Premium
Anticipatory reward signals in ventral striatal neurons of behaving rats
Author(s) -
Khamassi Mehdi,
Mulder Antonius B.,
Tabuchi Eiichi,
Douchamps Vincent,
Wiener Sidney I.
Publication year - 2008
Publication title -
european journal of neuroscience
Language(s) - English
Resource type - Journals
SCImago Journal Rank - 1.346
H-Index - 206
eISSN - 1460-9568
pISSN - 0953-816X
DOI - 10.1111/j.1460-9568.2008.06480.x
Subject(s) - ventral striatum , striatum , anticipation (artificial intelligence) , neuroscience , dopaminergic , psychology , temporal difference learning , task (project management) , mean squared prediction error , computer science , artificial intelligence , reinforcement learning , machine learning , dopamine , management , economics
It has been proposed that the striatum plays a crucial role in learning to select appropriate actions, optimizing rewards according to the principles of ‘Actor–Critic’ models of trial‐and‐error learning.

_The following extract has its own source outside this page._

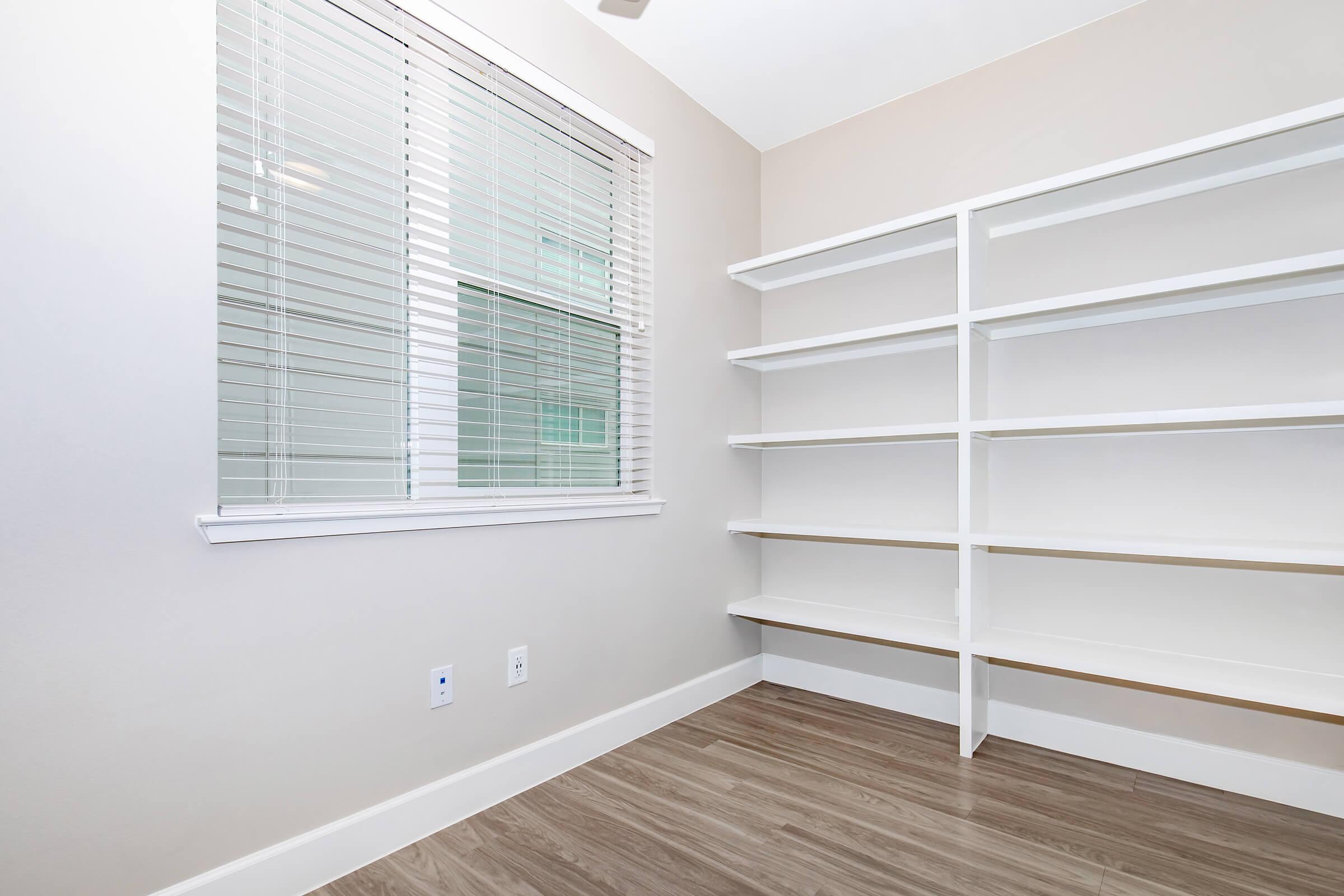 A light, empty room with beige walls and a window covered with blinds. There are white built-in shelves against one wall and a smooth wooden floor. The space is well-lit and minimalistic, ideal for storage or as an office area.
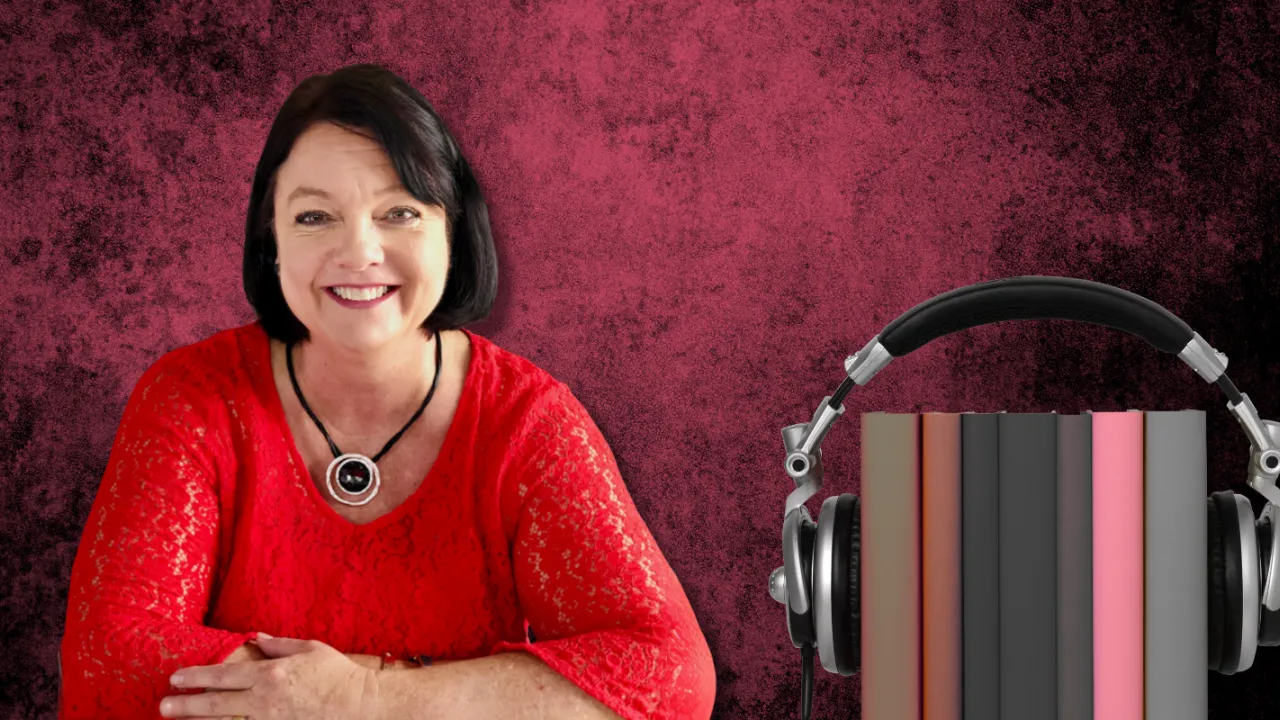 Australian author TM Clark, wearing red, sitting at a desk, with 7 books inside a set of headphones, on a red and black dappled background.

The ventral striatum (VS), as Critic, would employ a temporal difference (TD) learning algorithm to predict rewards and drive dopaminergic neurons. This study examined this model’s adequacy for VS responses to multiple rewards in rats. The respective arms of a plus‐maze provided rewards of varying magnitudes; multiple rewards were provided at 1‐s intervals while the rat stood still. Neurons discharged phasically prior to each reward, during both initial approach and immobile waiting, demonstrating that this signal is predictive and not simply motor‐related. In different neurons, responses could be greater for early, middle or late droplets in the sequence. Strikingly, this activity often reappeared after the final reward, as if in anticipation of yet another. In contrast, previous TD learning models show decremental reward‐prediction profiles during reward consumption due to a temporal‐order signal introduced to reproduce accurate timing in dopaminergic reward‐prediction error signals. To resolve this inconsistency in a biologically plausible manner, we adapted the TD learning model such that input information is nonhomogeneously distributed among different neurons. By suppressing reward temporal‐order signals and varying richness of spatial and visual input information, the model reproduced the experimental data. This validates the feasibility of a TD‐learning architecture where different groups of neurons participate in solving the task based on varied input information.